Turning to customs duties (currently the most important single source of revenue), further improving the customs administration and containing corruption will be a priority and continuing robust increases in customs collections, as seen in the first half of 2017, would support overall revenue growth. In addition to the role of import tariffs in raising revenue, they can also be an instrument, if used judiciously and in moderation, for protecting and nurturing the development of domestic production. While high tariffs would be inappropriate, ineffective and most likely would further encourage smuggling, it does not make sense to cut tariffs and provide no protection at all for goods which Afghanistan is producing domestically, where it has some, at least, potential comparative advantage and where the economy has a capacity for a supply response (ie the right incentives would stimulate greater production). Many agricultural products fit this bill and, moreover, Afghanistan does currently import very large amounts of agricultural goods (some of them implicitly or explicitly subsidised by the exporting country).
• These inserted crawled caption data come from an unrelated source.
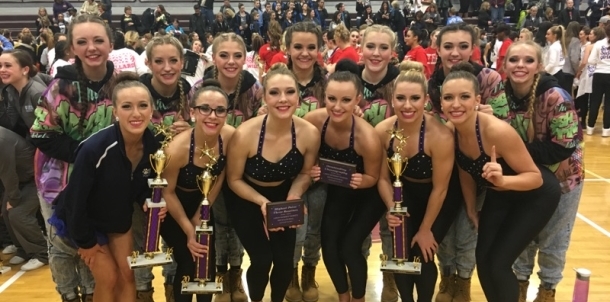 Pom Wins Indidvidual and Group Awards at Lee Summit!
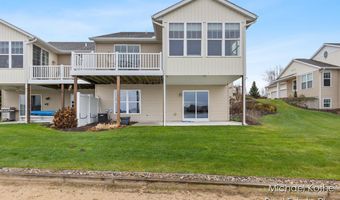7443 Watermark Dr 32, Allendale, MI 49401
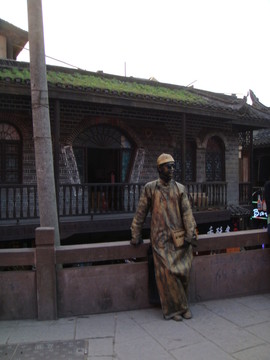 鳳凰古城銅人街邊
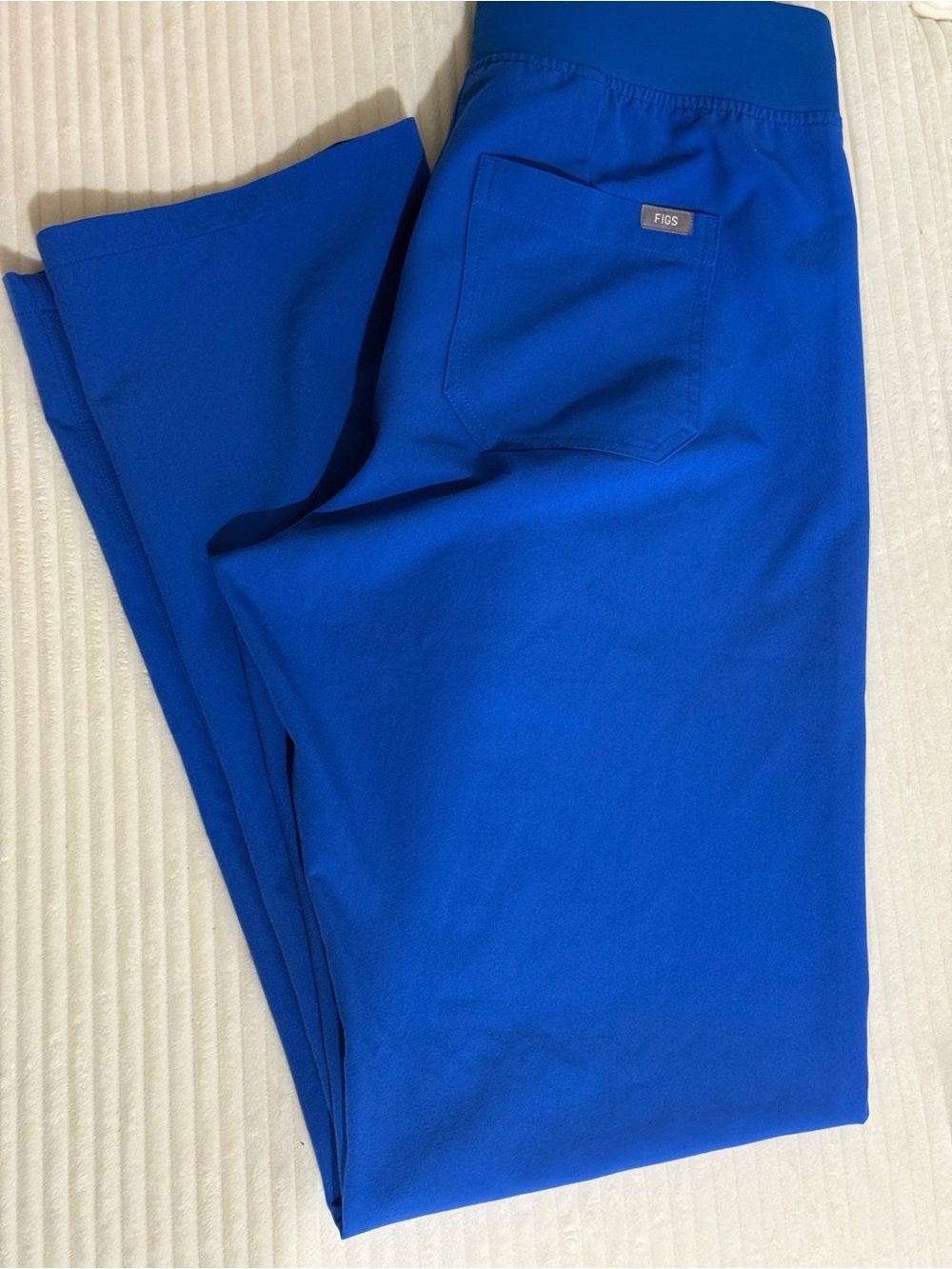 FIGS Livingston Scrub Pants in Royal Blue, size Medium Tall
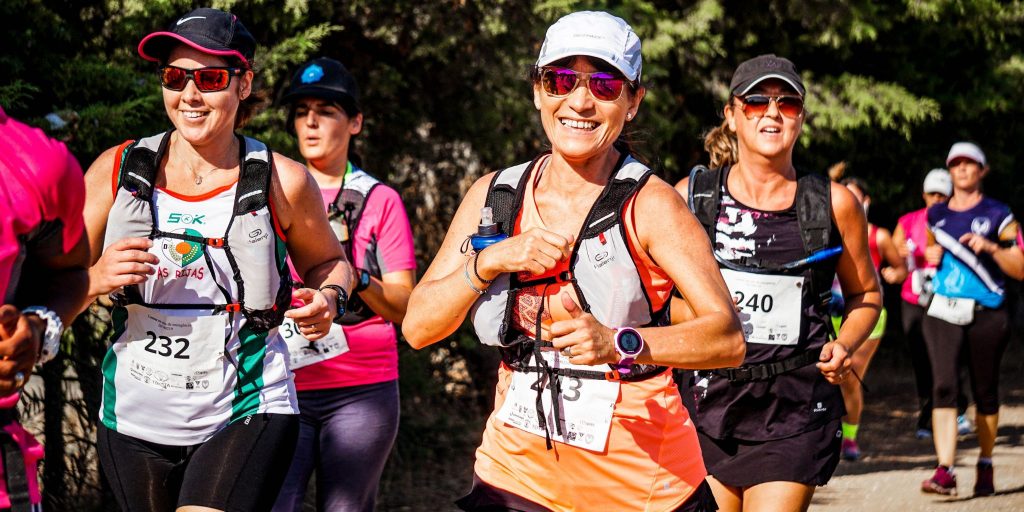 smiling marathon runners in race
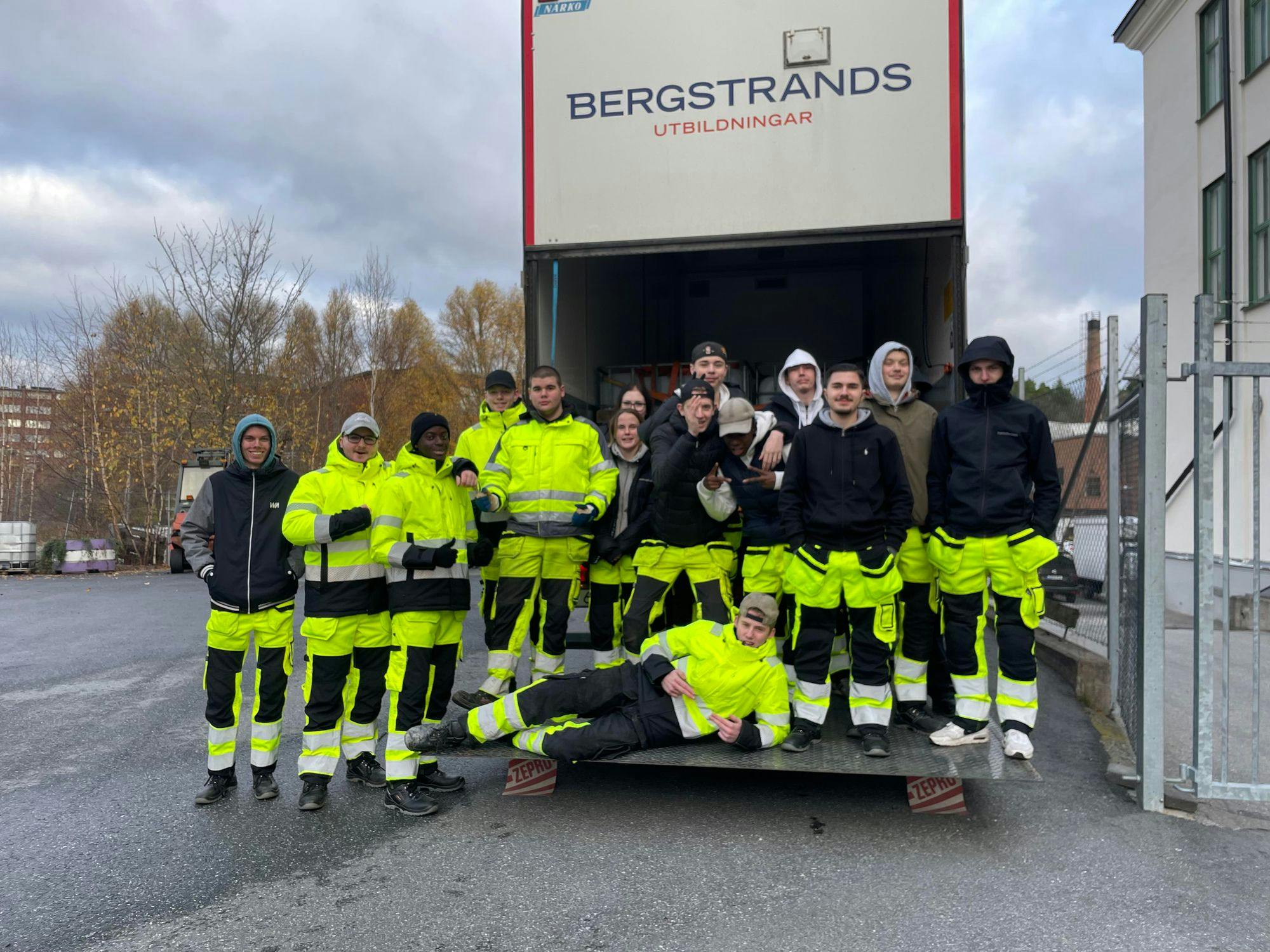 Elever på fordons- och transportprogrammets inriktning transport på Bergstrands Gymnasium Stockholm. 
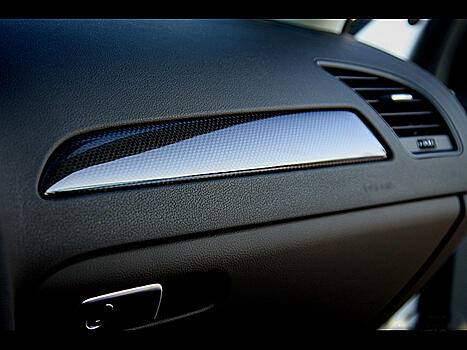 Карбоновая вставка в панель пассажирского места Audi A4 B8 09- Glove Box Trim A4 B8 carbon LHD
Other obstacles to private sector development are legion. A simpler, more business-friendly regulatory environment would be highly desirable and while eliminating corruption altogether is an unrealistic objective, it needs to be contained and rendered less debilitating to businesses. Improvements in both of these dimensions are especially important for smaller businesses and start-ups. However, those benefiting from bribes associated with the current regulatory complexity will try to block reforms. It must also be recognised that a better investment climate, even if it can be achieved, is unlikely to translate any time soon into higher private investment and expansion of business activity, as long as the major security and political headwinds as well as uncertainty and short-termism remain prevalent.
What should international actors do?
Afghanistan’s international partners can and should provide meaningful support to Afghanistan’s macroeconomic stability and growth agenda, while recognising the need for modest expectations:
- In the face of security challenges and political uncertainty during the next election cycle, stability in international strategy and support for Afghanistan will be critical. Medium-term support was agreed at the 2016 Warsaw (for the security sector) and Brussels (for civilian assistance) meetings, generating international commitments covering 2017-20; these need to be reaffirmed.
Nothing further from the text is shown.